- **Data extract**
--- START ---
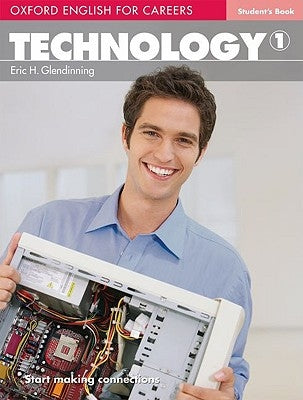 Oxford English for Careers: Technology 1 by Glendinning, Eric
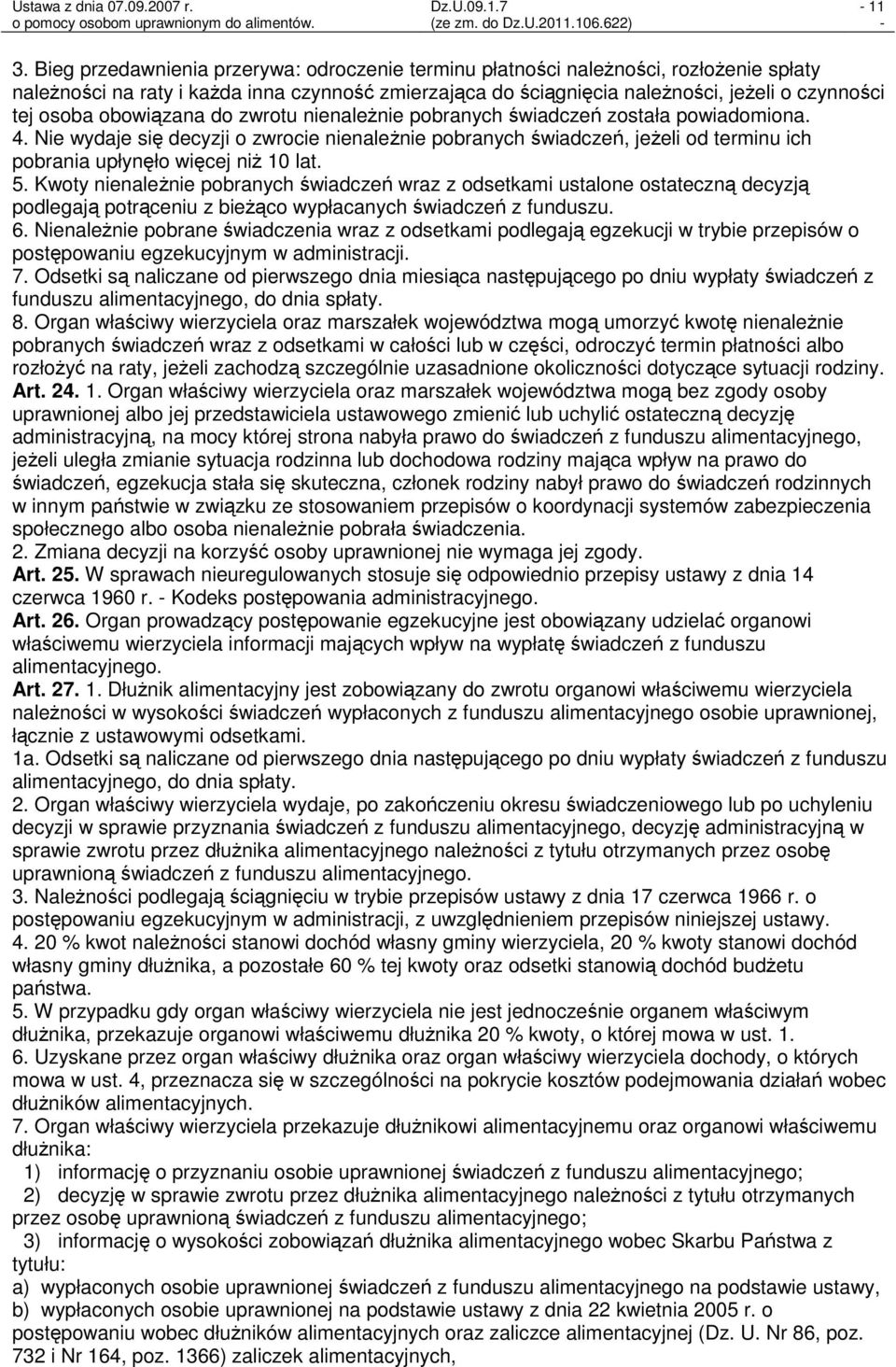 obowiązana do zwrotu nienależnie pobranych świadczeń została powiadomiona. 4.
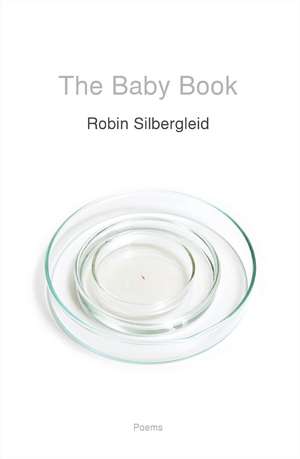 The Baby Book de Robin Silbergleid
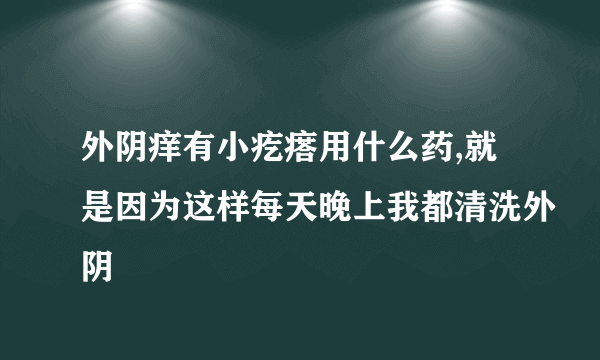 外阴痒有小疙瘩用什么药,就是因为这样每天晚上我都清洗外阴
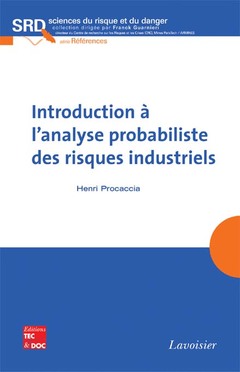 Cover of the book Introduction à l'analyse probabiliste des risques industriels 
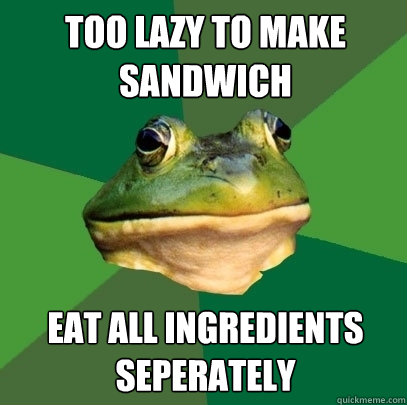 too lazy to make sandwich eat all ingredients seperately  Foul Bachelor Frog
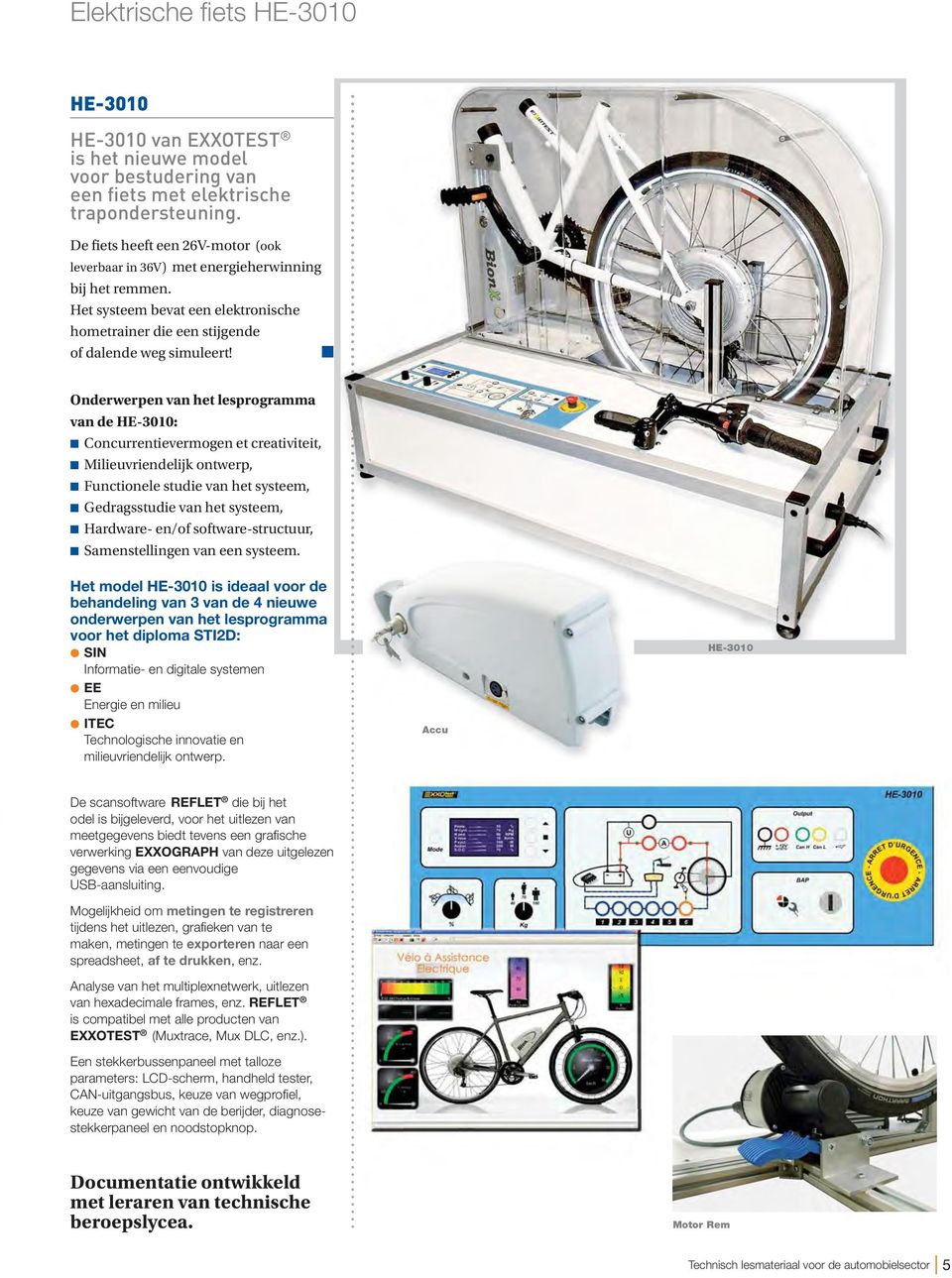 Onderwerpen van het lesprogramma van de HE-3010: Concurrentievermogen et creativiteit, Milieuvriendelijk ontwerp, Functionele studie van het systeem, Gedragsstudie van het systeem, Hardware- en/of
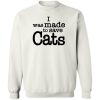 I Was Made To Save Cats Sweatshirt White
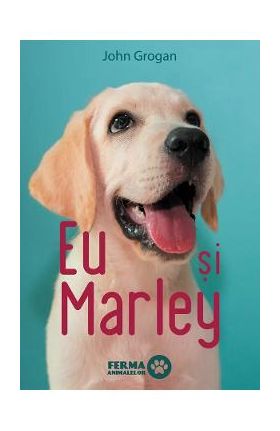 Eu si Marley - John Grogan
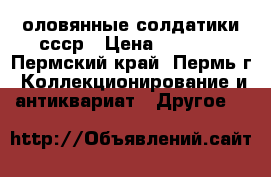 оловянные солдатики ссср › Цена ­ 4 000 - Пермский край, Пермь г. Коллекционирование и антиквариат » Другое   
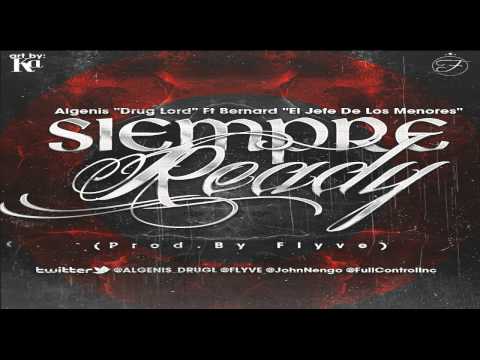 Algenis "Drug Lord" Ft Bernard "El Jefe De Los Menores" - Siempre Ready (Prod.By Flyve)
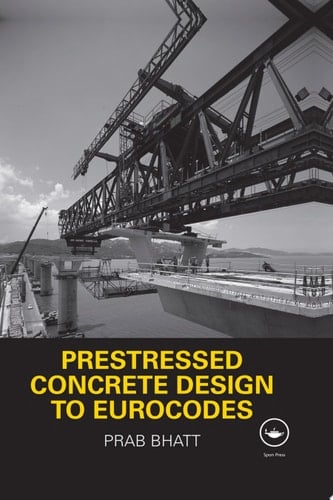Prestressed Concrete Design to Eurocodes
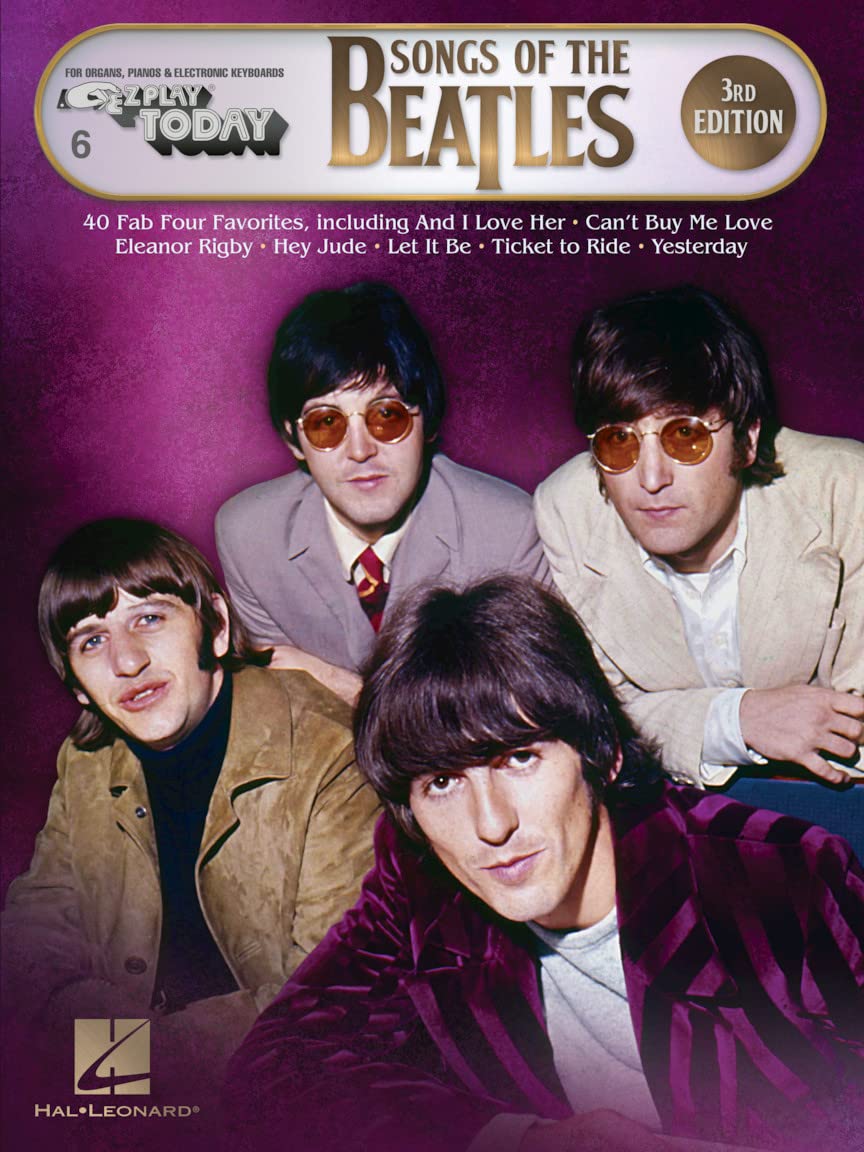 Songs of the Beatles - 3rd Edition. Piano Solo.: E-Z Play Today Volume 6
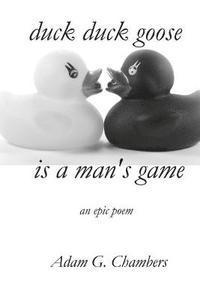 Adam G. Chambers - Duck Duck Goose is a Man's Game: an Epic Poem, Häftad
--- END ---
- **Assignment**
Excluding the images, return each record above precisely as written.

- **Task answer**
 Oxford English for Careers: Technology 1 by Glendinning, Eric
 obowiązana do zwrotu nienależnie pobranych świadczeń została powiadomiona. 4.
 The Baby Book de Robin Silbergleid
 外阴痒有小疙瘩用什么药,就是因为这样每天晚上我都清洗外阴
 Cover of the book Introduction à l'analyse probabiliste des risques industriels 
 too lazy to make sandwich eat all ingredients seperately  Foul Bachelor Frog
 Onderwerpen van het lesprogramma van de HE-3010: Concurrentievermogen et creativiteit, Milieuvriendelijk ontwerp, Functionele studie van het systeem, Gedragsstudie van het systeem, Hardware- en/of
 I Was Made To Save Cats Sweatshirt White
 Eu si Marley - John Grogan
 оловянные солдатики ссср › Цена ­ 4 000 - Пермский край, Пермь г. Коллекционирование и антиквариат » Другое   
 Algenis "Drug Lord" Ft Bernard "El Jefe De Los Menores" - Siempre Ready (Prod.By Flyve)
Prestressed Concrete Design to Eurocodes
 Songs of the Beatles - 3rd Edition. Piano Solo.: E-Z Play Today Volume 6
 Adam G. Chambers - Duck Duck Goose is a Man's Game: an Epic Poem, Häftad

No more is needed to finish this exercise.